Il protagonista della nostra storia non è nessuno di costoro bensì il sacerdote che ereditò la carica da von Elezenbaum agli albori del XX secolo, ossia Benjamin Vescoli. Nativo di Redagno, arrivò a Laives poco più che trentenne da Luserna e vi rimase fino allo scoppio della grande guerra nel 1914. Era un uomo controverso, legati a valori d’altri tempi e, soprattutto, noto per la sua intolleranza nei riguardi dei “costumi” liberali del genere femminile. Questo Don Camillo locale fu spesso preso di mira dai liberali e anticlericali dell’epoca, tra cui spiccava il giornale socialdemocratico “Volkszeitung”.

Il 12 febbraio 1909 il periodico “dei lavoratori” pubblicò un articoletto di poche righe che forse sfuggì a molti lettori. Il titolo del pezzo suonava “Pfäffischer Größenwahn”, megalomania pretesca. “Del parroco di Laives ci siamo già occupati in diverse occasioni”, scrisse il giornale, “e di recente è avvenuto un altro fatto rimarchevole. Una maestra dell’asilo ha organizzato una festa per i suoi bambini e quando “Sua Eccellenza” l’ha saputo ha preteso che tutti i bambini peccaminosi che avevano partecipato all’innocente festa si scusassero con lui. In ginocchio”.

La storia poteva finire qui ma ovviamente il curato reagì alla sua maniera. “Se l’autore di queste righe è in grado di provare le sue affermazioni, può ritirare presso il sottoscritto la somma di 50 corone; in caso contrario è un vile mentitore”. Il giornale rispose a sua volta con un lungo pezzo che apparve il 12 marzo: “Caro amico Vescoli, l’appetito viene mangiando e perciò ti serviamo un’altra porzione che forse ti convincerà ad aumentare il premio a 100 corone. Dica il curato se corrisponde a verità che le 15 bambine che avevano partecipato alla festicciola dell’asilo siano state costrette a chiedere perdono in ginocchio; non solo, dica anche se corrisponde a verità che a tutte le partecipanti alla festicciola il curato pretese che venisse messo il voto tre in condotta (“Sitten” si chiamava la materia, ovvero “costumi”, più o meno come nell’odierno Iran, dove esiste la polizia morale)”.

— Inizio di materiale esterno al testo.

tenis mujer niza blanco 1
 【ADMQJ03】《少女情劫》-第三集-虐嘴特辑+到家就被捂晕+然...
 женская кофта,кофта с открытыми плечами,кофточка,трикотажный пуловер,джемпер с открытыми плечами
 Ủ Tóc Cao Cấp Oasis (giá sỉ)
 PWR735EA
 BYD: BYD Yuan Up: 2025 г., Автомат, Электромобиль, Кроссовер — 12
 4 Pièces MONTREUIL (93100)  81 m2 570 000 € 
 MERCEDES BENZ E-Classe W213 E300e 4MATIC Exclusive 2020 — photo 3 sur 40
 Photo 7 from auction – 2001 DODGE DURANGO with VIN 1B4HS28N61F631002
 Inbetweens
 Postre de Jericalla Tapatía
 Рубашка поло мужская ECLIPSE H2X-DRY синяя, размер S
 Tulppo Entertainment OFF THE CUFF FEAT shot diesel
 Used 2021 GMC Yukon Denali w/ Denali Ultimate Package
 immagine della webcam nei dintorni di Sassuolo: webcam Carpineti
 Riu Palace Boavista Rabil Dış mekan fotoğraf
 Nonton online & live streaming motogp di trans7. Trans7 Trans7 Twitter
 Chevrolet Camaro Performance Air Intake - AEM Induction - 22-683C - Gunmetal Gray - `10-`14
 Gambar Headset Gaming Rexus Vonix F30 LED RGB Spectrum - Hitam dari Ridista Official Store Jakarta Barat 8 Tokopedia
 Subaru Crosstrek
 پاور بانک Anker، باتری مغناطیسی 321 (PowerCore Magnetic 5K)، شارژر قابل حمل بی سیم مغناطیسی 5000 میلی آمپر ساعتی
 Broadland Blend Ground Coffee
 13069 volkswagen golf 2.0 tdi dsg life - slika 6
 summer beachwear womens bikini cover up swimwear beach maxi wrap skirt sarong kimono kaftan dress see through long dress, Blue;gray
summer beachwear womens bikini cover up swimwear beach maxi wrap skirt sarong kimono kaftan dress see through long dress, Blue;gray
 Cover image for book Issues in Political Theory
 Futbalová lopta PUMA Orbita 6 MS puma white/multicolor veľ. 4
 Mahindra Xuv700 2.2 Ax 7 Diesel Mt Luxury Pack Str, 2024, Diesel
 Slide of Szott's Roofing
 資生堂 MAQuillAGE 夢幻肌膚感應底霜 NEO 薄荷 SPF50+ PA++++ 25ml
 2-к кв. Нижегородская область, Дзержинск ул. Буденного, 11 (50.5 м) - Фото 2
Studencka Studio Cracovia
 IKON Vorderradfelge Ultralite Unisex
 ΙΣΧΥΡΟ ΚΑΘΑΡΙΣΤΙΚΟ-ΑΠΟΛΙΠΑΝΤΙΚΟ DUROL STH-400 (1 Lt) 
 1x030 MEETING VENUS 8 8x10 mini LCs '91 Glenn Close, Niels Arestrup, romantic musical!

Il giornale rimproverò anche al Vescoli di aver spostato il funerale di un bambino per poter partecipare a una festa sul Montelargo, dove rimase, in “gentile compagnia”, fino a mezzanotte. Come sia finita la vicenda non si sa. Fatto sta che dopo qualche anno il curato levò le tende e si spostò a Monte San Pietro. Concluse la sua carriera a Castelvecchio presso Caldaro, dove morì nel 1936 all’età di 62 anni.